[ENTRIES PROVIDED — start]
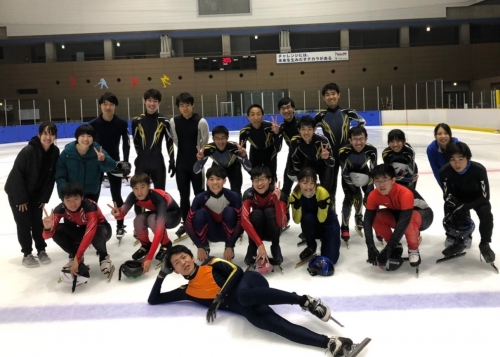 京都大学体育会スピードスケート部
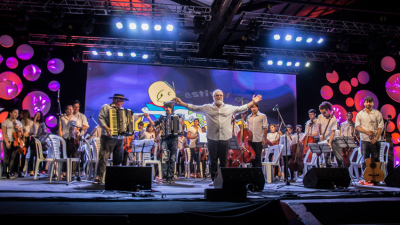 Arranca hoy el Festival del Taninero y Fiesta provincial del Chamamé en Puerto Tirol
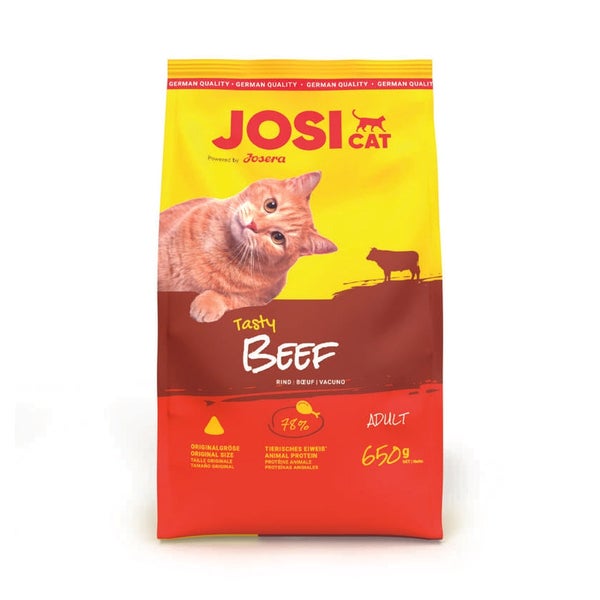 Josera Cat - JosiCat - Tasty Beef 0,65 kg
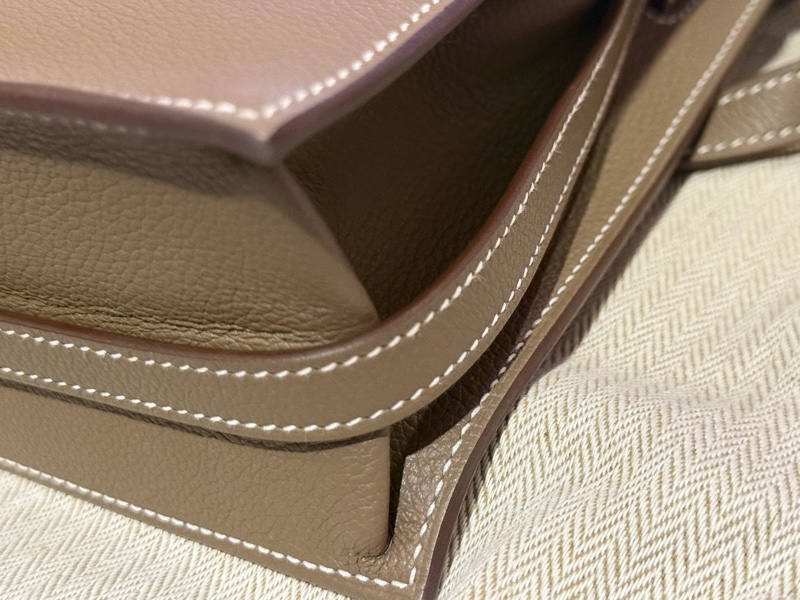 Hermes Kelly dance大象灰-3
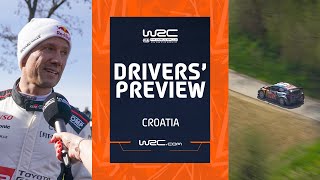 Drivers' Preview | WRC Croatia Rally 2024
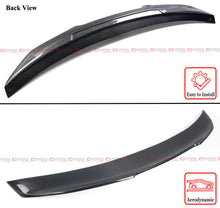 Real Carbon Fiber Rear Trunk Spoiler For 2019-2024 BMW 8 Series G140 840i F81 M8 Convertible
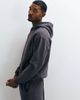 ONLY & SONS ONLY & SONS relaxed fit hoodie in washed charcoal - part of a set-Gray - 4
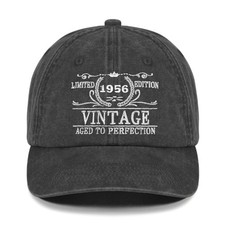 Birthday Gifts for Him Her, Men Women Unique Gift Vintage Hat Hand Wash Only picture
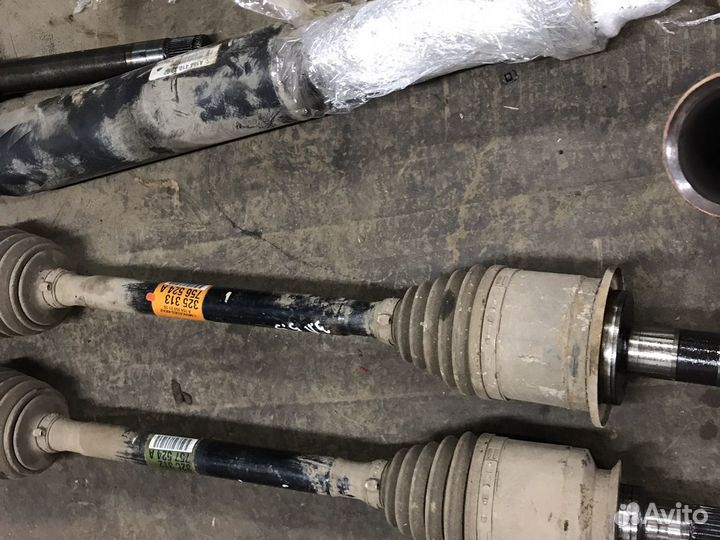 Привод задний левый Мерседес мл гл 164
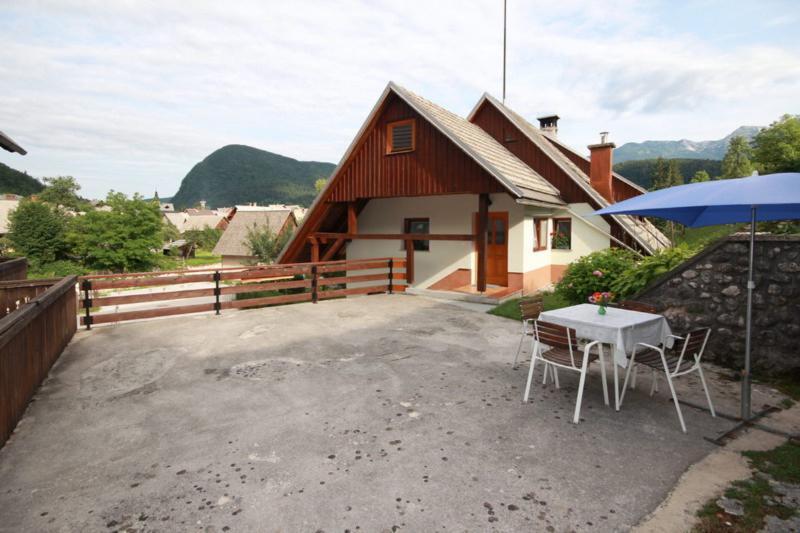 Apartma Pri Bizjaku Bohinj Exterior foto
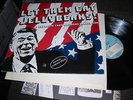 Let Them Eat Jellybeans '82 LP + Poster black flag bad brains flipper dead kenne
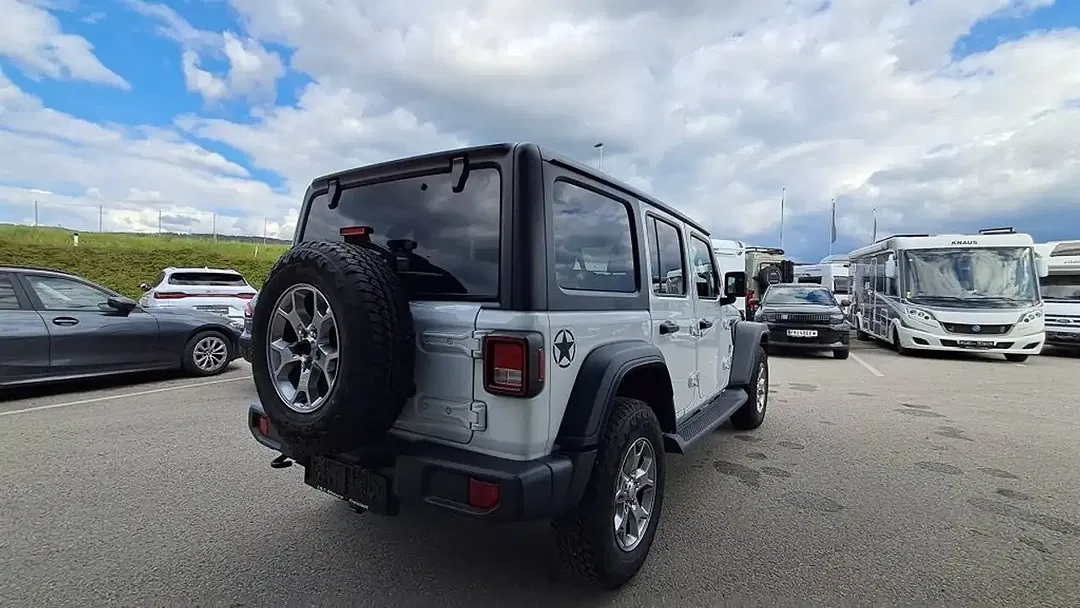 Jeep Wrangler 2.2 CRDi AUT Unlimited Sport - Thumbnail 7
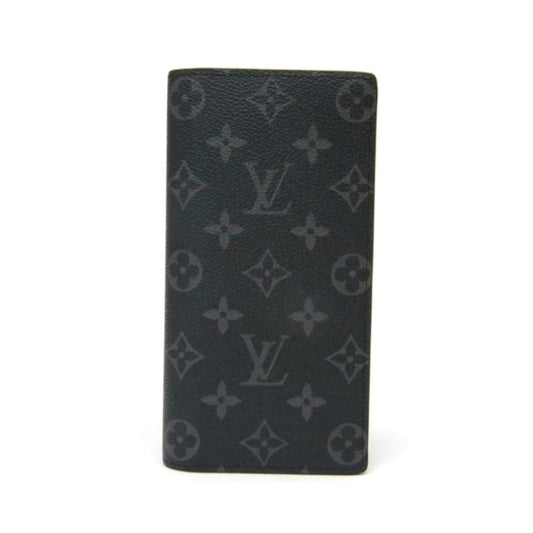 Louis Vuitton Portefeuille Brother Monogram Eclipse Long Wallet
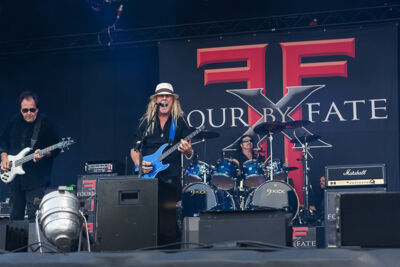 Four By Fate @ Alcatraz Hard Rock & Metal Fest, foto 8, foto's door Edwin Houdevelt - FrontView Magazine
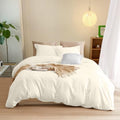 3-Sided Zipper Closure Duvet Cover – Easy On & Off Bedding, 500-TC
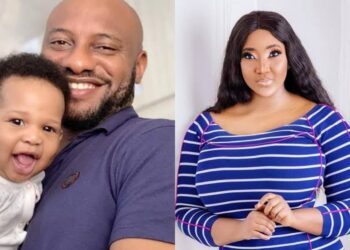 Nollywood actor, Yul Edochie shower praises on his second wife as he promises her more love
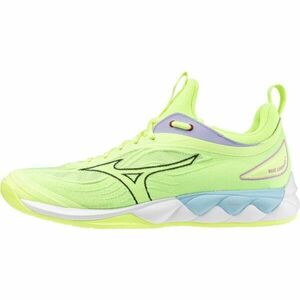 Mizuno WAVE LUMINOUS 3 Férfi röplabda cipő, fényvisszaverő neon, méret 45 kép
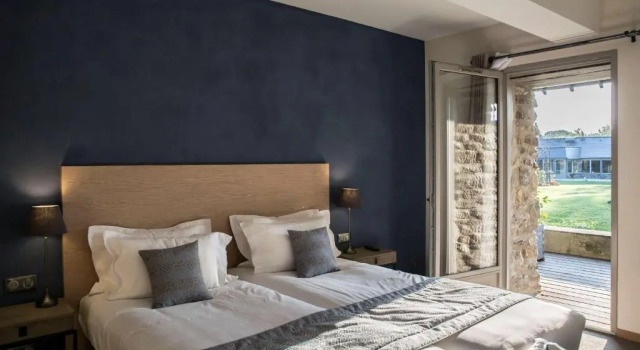Номер Comfort Hotel de LAbbaye Le Tronchet - Handwritten Collection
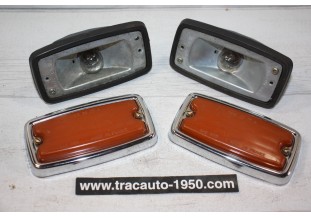 PAIRE DE FEUX ANTIBROUILLARDS CIBIE 3275A...RENAULT R16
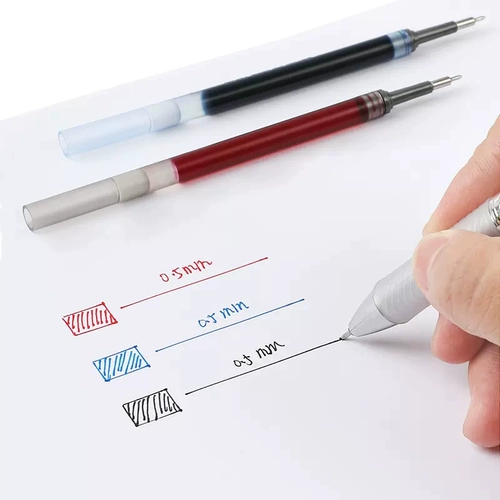 Японский быстросохнущий стержень для ручек Pentel LRN5 BLN105 подходит для студентов BLN75 с кнопочным стержнем.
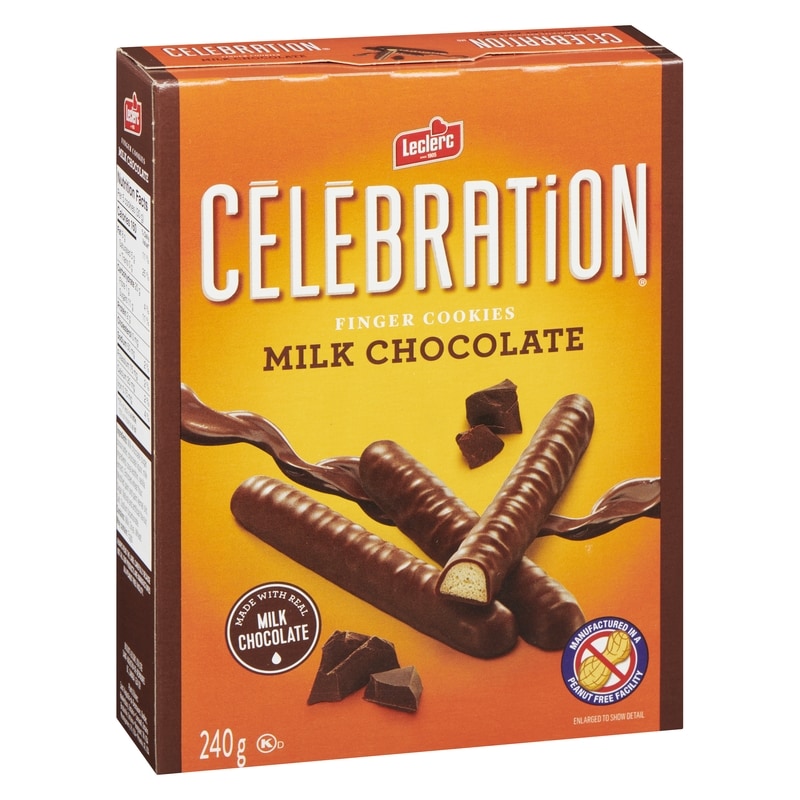 Celebration Milk Chocolate Cake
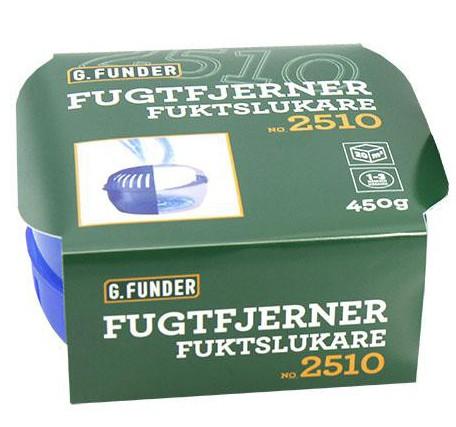 G. Funder affugter - Fugtfjerner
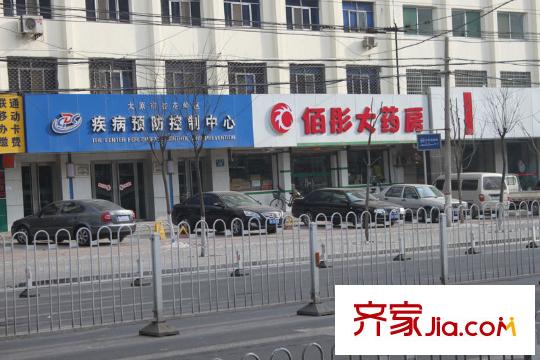 安金麗園配套圖周邊-杏花嶺區(qū)疾病預防控制中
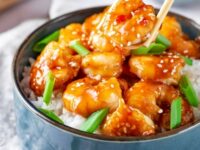 General Tso Shrimp Made In 10 Minutes & Cooked In One Pan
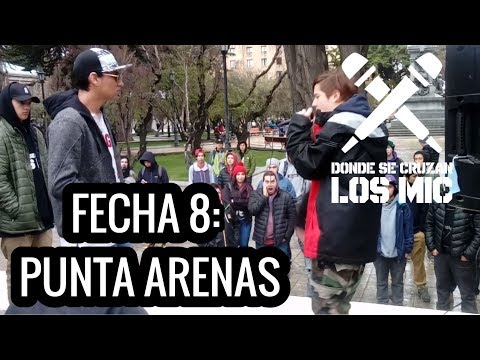 Bestia vs RCP - 8vos de Final/Fecha 8/PUNTA ARENAS: Donde se Cruzan los Mic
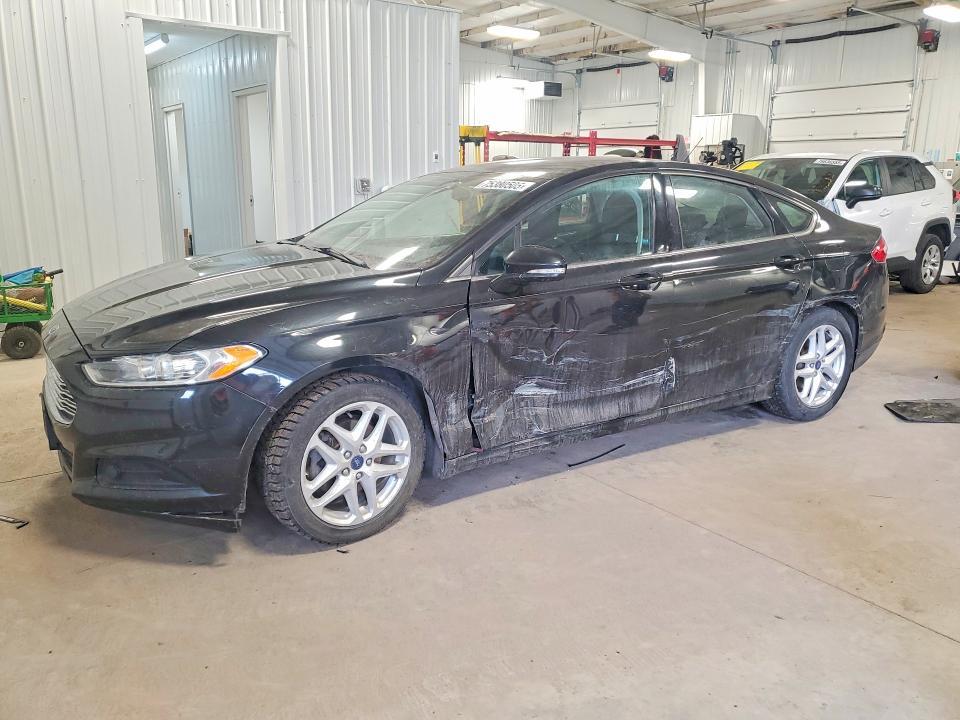 2014 Ford Fusion se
[ENTRIES PROVIDED — finish]
PROBLEM STATEMENT:
Take the line that contains "Японский быстросохнущий стержень" and every line after it down to the last line of the entries above, and output them exactly, with nothing else and no pictures.

TASK ANSWER:
 Японский быстросохнущий стержень для ручек Pentel LRN5 BLN105 подходит для студентов BLN75 с кнопочным стержнем.
 Celebration Milk Chocolate Cake
 G. Funder affugter - Fugtfjerner
 安金麗園配套圖周邊-杏花嶺區(qū)疾病預防控制中
 General Tso Shrimp Made In 10 Minutes & Cooked In One Pan
 Bestia vs RCP - 8vos de Final/Fecha 8/PUNTA ARENAS: Donde se Cruzan los Mic
 2014 Ford Fusion se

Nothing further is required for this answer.